Pour les proto-Égyptiens, c’est-à-dire pour le peuple indigène de ce pays, il n’y avait pas de religion telle que nous nous la représentons. Pour ces peuples, l’univers était formé de trois sortes d’êtres : les dieux, les personnes mortes et les personnes vivantes. Deux groupes, les dieux et les morts, étaient considérés comme n’étant pas naturels, c’est-à-dire comme étant entièrement séparés du phénomène de la nature. Toutes les relations avec ces deux groupes avaient donc lieu de manière similaire.
Certains éléments fondamentaux dans les rituels étaient de la plus grande importance. Le moment convenable, par exemple, était déterminé par de nombreux facteurs tels que la saison de l’année ou la crue d’un fleuve. Le lieu était tout aussi important que le temps ; on pensait que certaines régions possédaient un plus grand état de sainteté que d’autres. Aussi, certaines routes, éminences et bornes devinrent-elles des symboles sacrés du fait que quelque chose en elles suggérait un nexus, un lien avec la force surnaturelle ainsi conçue. Certains objets devinrent essentiels pour le rituel en raison de la valeur sacrée qu’on leur imagina. Des baguettes, des lampes et des fils de différentes couleurs eurent leur place dans les rites. Toutes ces choses différentes constituèrent ce qui fut appelé « le mécanisme des rites ». Chaque rituel a ses dépendances, ses outils pour exprimer son symbolisme.
Dans la forêt et parmi les tribus nomades, quand un individu était affecté par une maladie, un sacrifice était offert à un monument représentant la déité tribale. Ce monument se composait soit d’une grande pierre dont la forme inhabituelle attirait l’attention, soit d’un ensemble de pierres qui représentait le dieu. Le shaman, ou l’homme-médecin, présidait le rituel. Le shaman était souvent un descendant du précédent shaman s’il en possédait les qualifications, ou bien il pouvait avoir été choisi en raison d’une anomalie physique telle que l’épilepsie.
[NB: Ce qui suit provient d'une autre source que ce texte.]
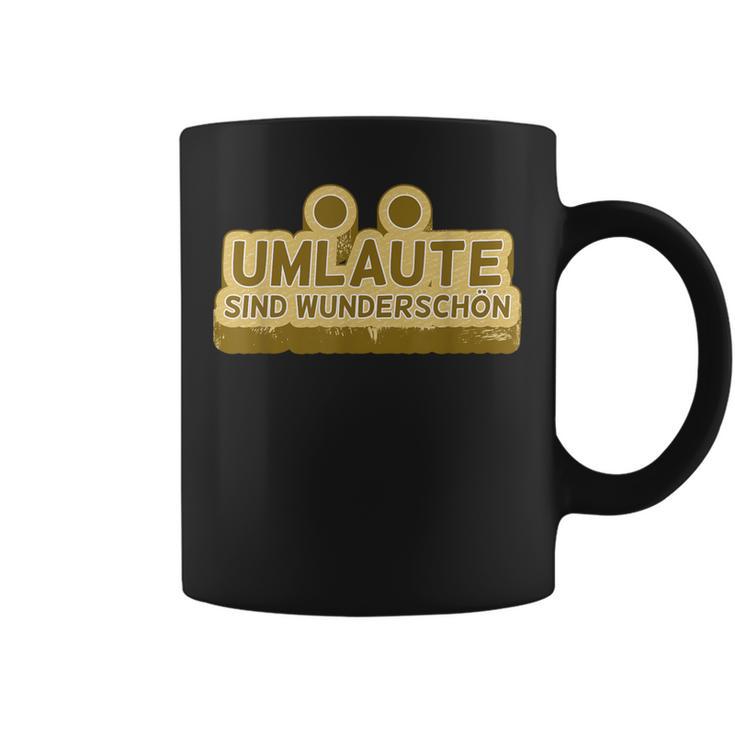 Umlautes Are Beautiful Umlautesドイツ語 コーヒーマグ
Les actes de la personne affligée et ses cris étaient considérés comme la manifestation, à travers la victime, d’un être surnaturel. Des interprétations de ces cris incohérents étaient acceptées comme des paroles prophétiques. Le shaman apprenait et accomplissait des rites et des actes secrets qui dupaient les gens sur les pouvoirs qu’il était supposé posséder. Plus simplement, la plupart des shamans ou des hommes-médecins étaient des psychologues pratiques. Ils s’appuyaient sur la peur et la superstition des gens en les employant pour le bien mutuel.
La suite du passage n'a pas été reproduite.